• [EXERCISE DETAILS]:
In the copy you make of the entries, no picture should appear, and every word must match.
________________
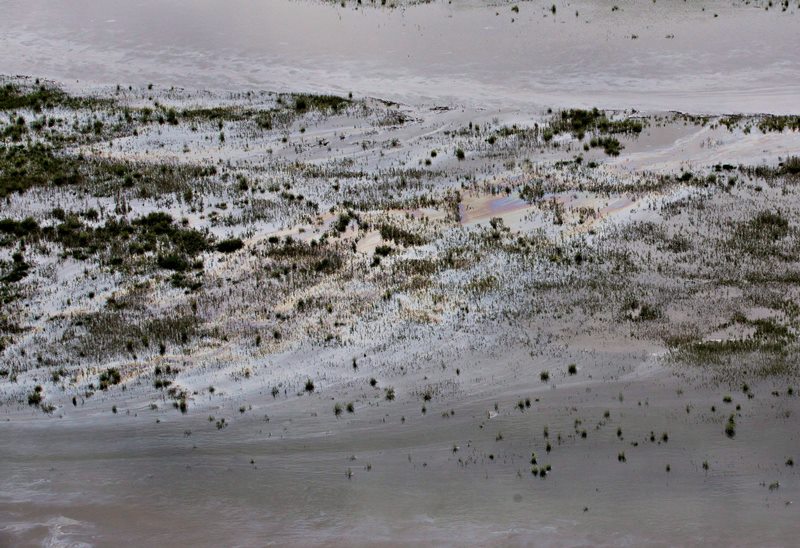 Auditor calls for better pipeline regulations, monitoring in Saskatchewan Image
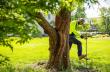 Urban Timber Tree Highlights Plant Health Care Services With Free Product Promotion
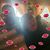 Matthew Mooney-Bickel's profile image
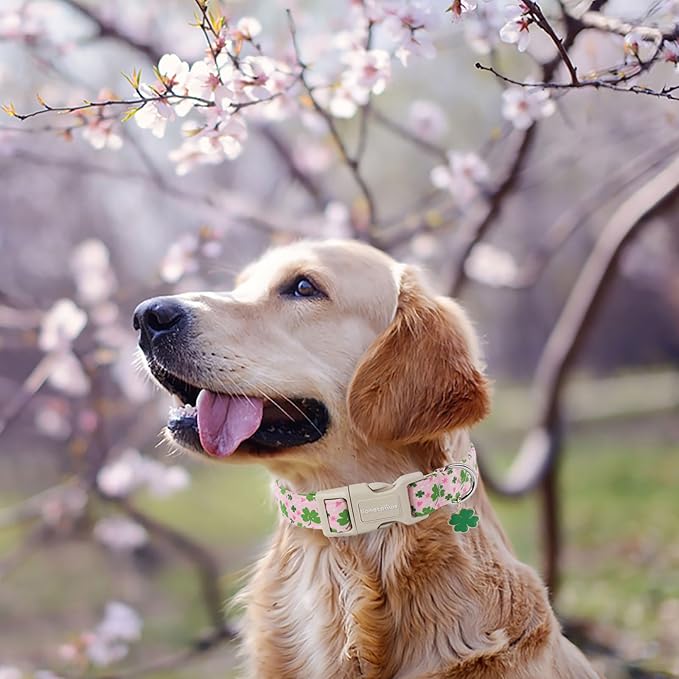 Lionet Paws St. Patrick Dog Collar- Cute Clover Pink Dog Collars with Plastic Buckle, Light Adjustable Dog Collars with Clover Pendant for Medium Large Dogs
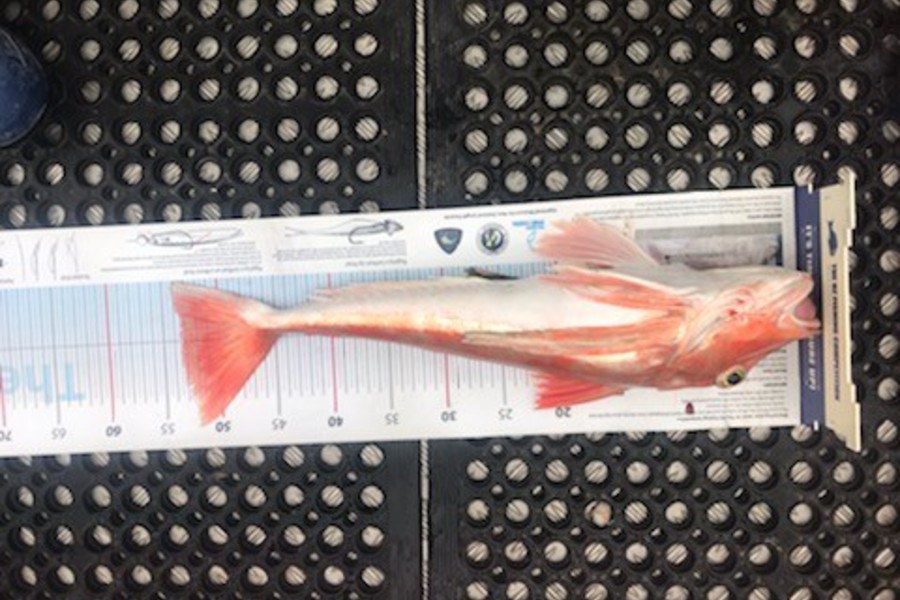 Tim  Kolk caught this 53.0cm Gurnard at Marlborough Sounds during The Export NZ Fishing Competition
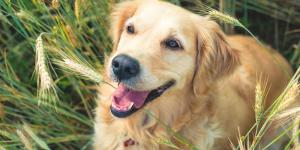 La trampa silenciosa de la primavera: por qué una simple espiga puede llevar a tu perro al quirófano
________________
• [SOLUTION TO THIS TASK]:
 Auditor calls for better pipeline regulations, monitoring in Saskatchewan Image
 Urban Timber Tree Highlights Plant Health Care Services With Free Product Promotion
 Matthew Mooney-Bickel's profile image
 Lionet Paws St. Patrick Dog Collar- Cute Clover Pink Dog Collars with Plastic Buckle, Light Adjustable Dog Collars with Clover Pendant for Medium Large Dogs
 Tim  Kolk caught this 53.0cm Gurnard at Marlborough Sounds during The Export NZ Fishing Competition
 La trampa silenciosa de la primavera: por qué una simple espiga puede llevar a tu perro al quirófano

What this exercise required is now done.